I gazed at the dusty, black-felt painting that hung on the wall above our booth. An Aztec warrior of Greek proportions knelt at the base of a stone pyramid, a beautiful maiden draped across his outstretched arms in offering.
“I can beat Nelson Gilbride,” I said.
Grog tipped his beer bottle. “Course you can. But listen to me, Tubesteak, don’t get Jackie mixed up in it. These are things about him even you don’t know”
“How’s that?”
He looked around as if to make sure Jackie was out of earshot. “That other lawyer, Gilbride? He might try to sell you snake oil.

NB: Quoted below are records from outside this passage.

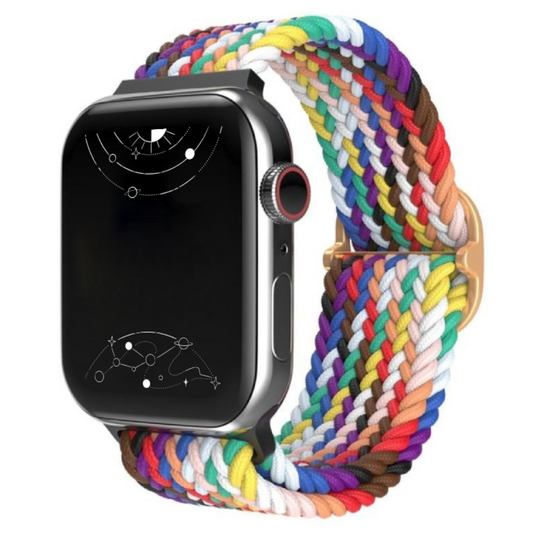 Ergo Nylon Braided Loop Band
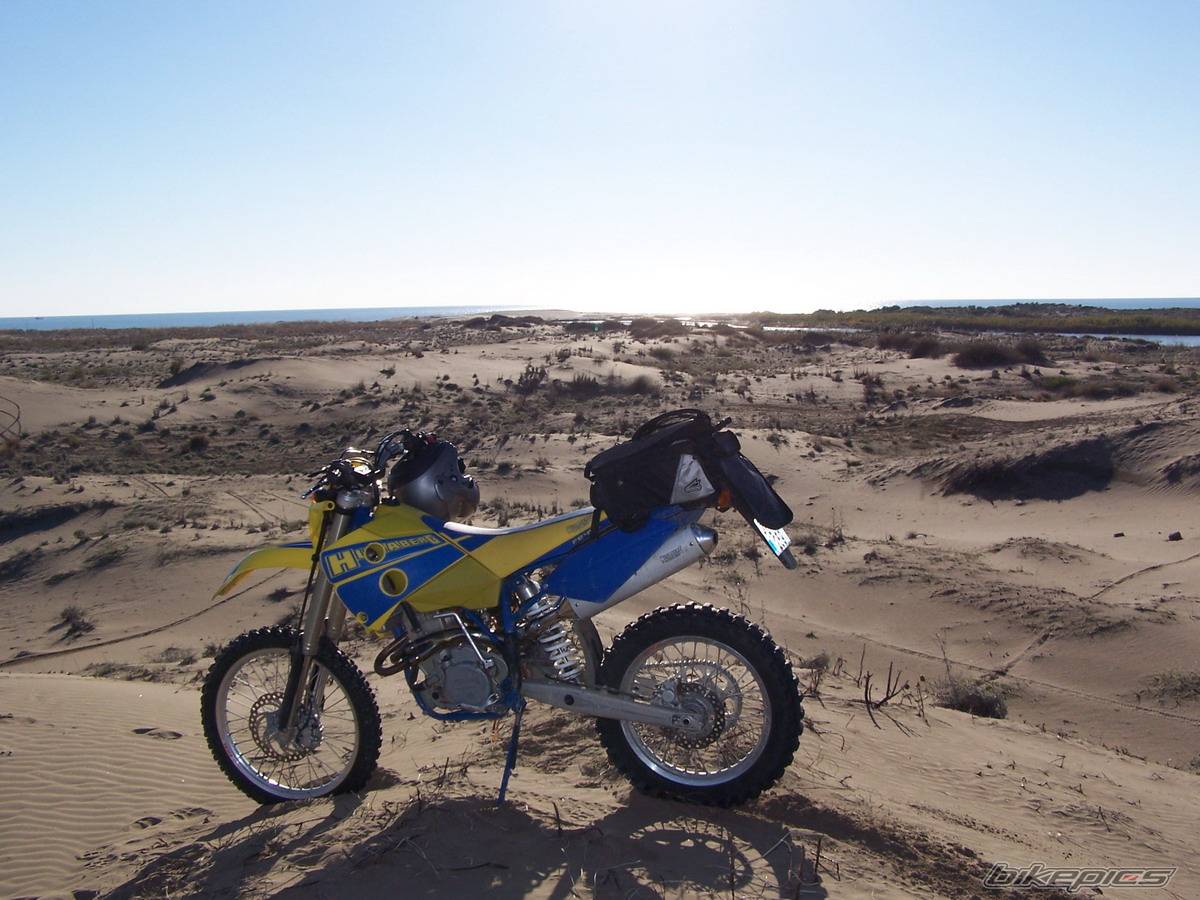 Bike Photo 489587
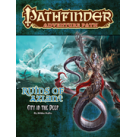 Pathfinder 124 Ruins Of Azlant 4: City In The Deep Pathfinder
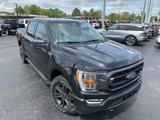 Used 2021 Ford F150 XLT w/ Equipment Group 302A High image 5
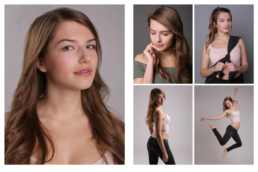 setcard fotoshooting berlin agentur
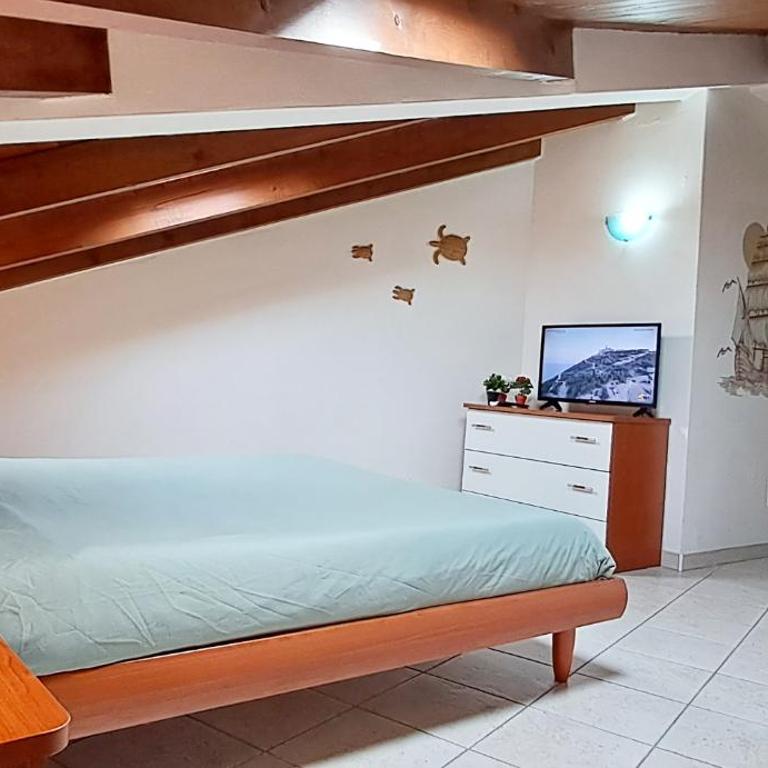 Sky Alguerhouse - Appartamento - 20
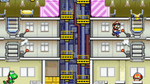Game and Watch Gallery 4, GBA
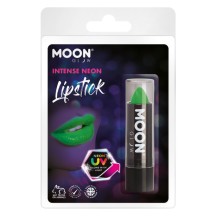 Moon Glow Intense Neon UV Stick à Lèvres Vert Fluo 5g - SM37548 - Fluo & Néon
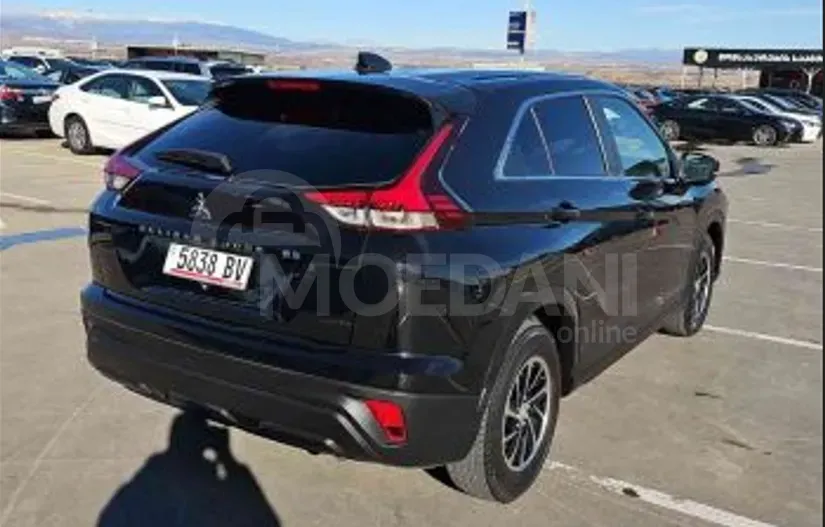 Mitsubishi Eclipse 2022 Тбилиси - изображение 4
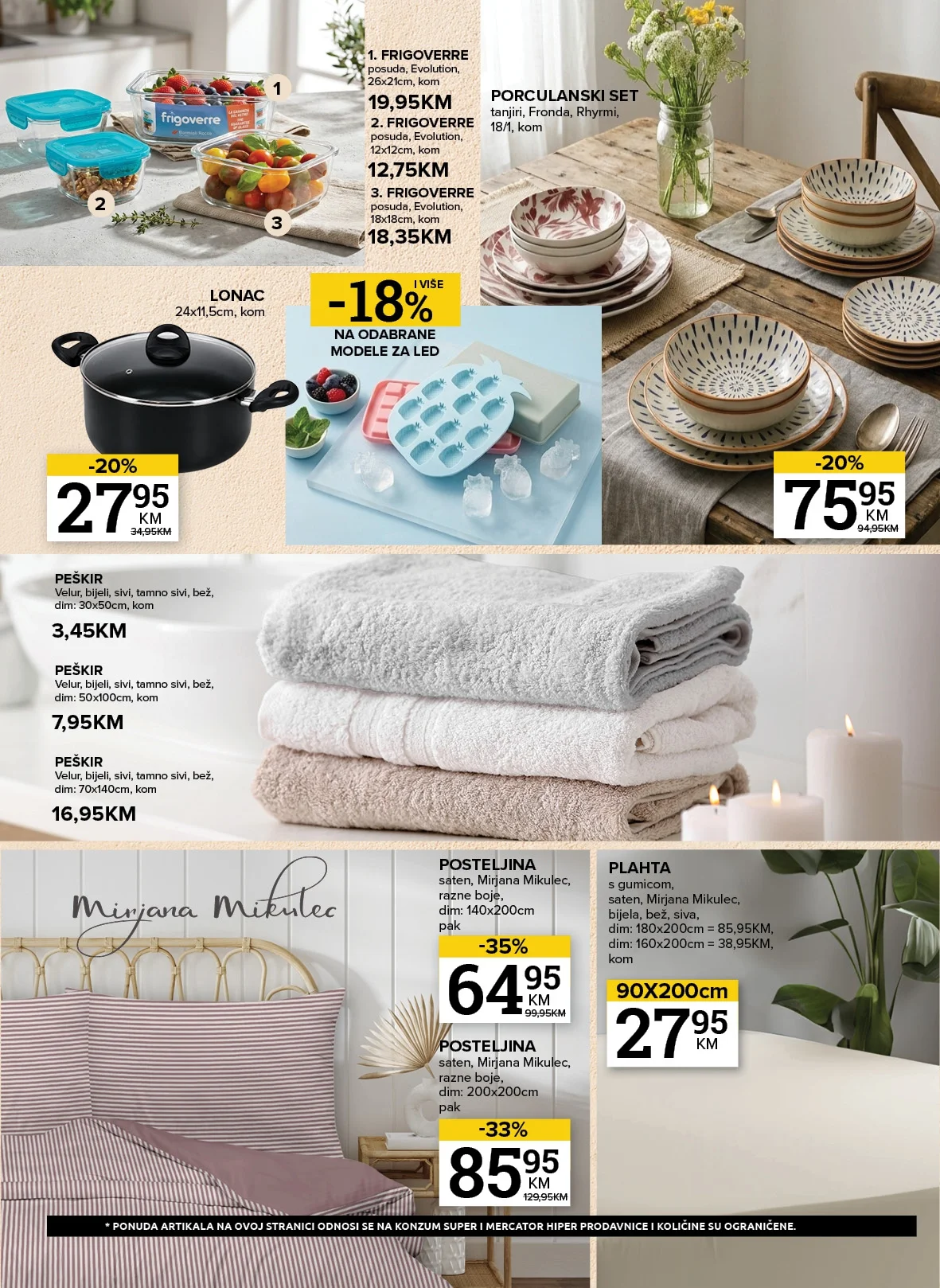 Konzum katalog 7-13.7.2026. - str. 26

But Jackie . . .”—he hesitated—“Jackie’s bad medicine.”
Ten
I awoke Sunday morning to a chill south wind that rattled my window blinds, and to the whisper of scattered shore-dump scuffling the inside bar down at the end of Porpoise Way. A south like this, whistling off a haggard sea at first light, will hack the surf to pieces, foiling even the earliest dawn patrol. It is a rare, unpredictable wind. A heady south wind means desperation time.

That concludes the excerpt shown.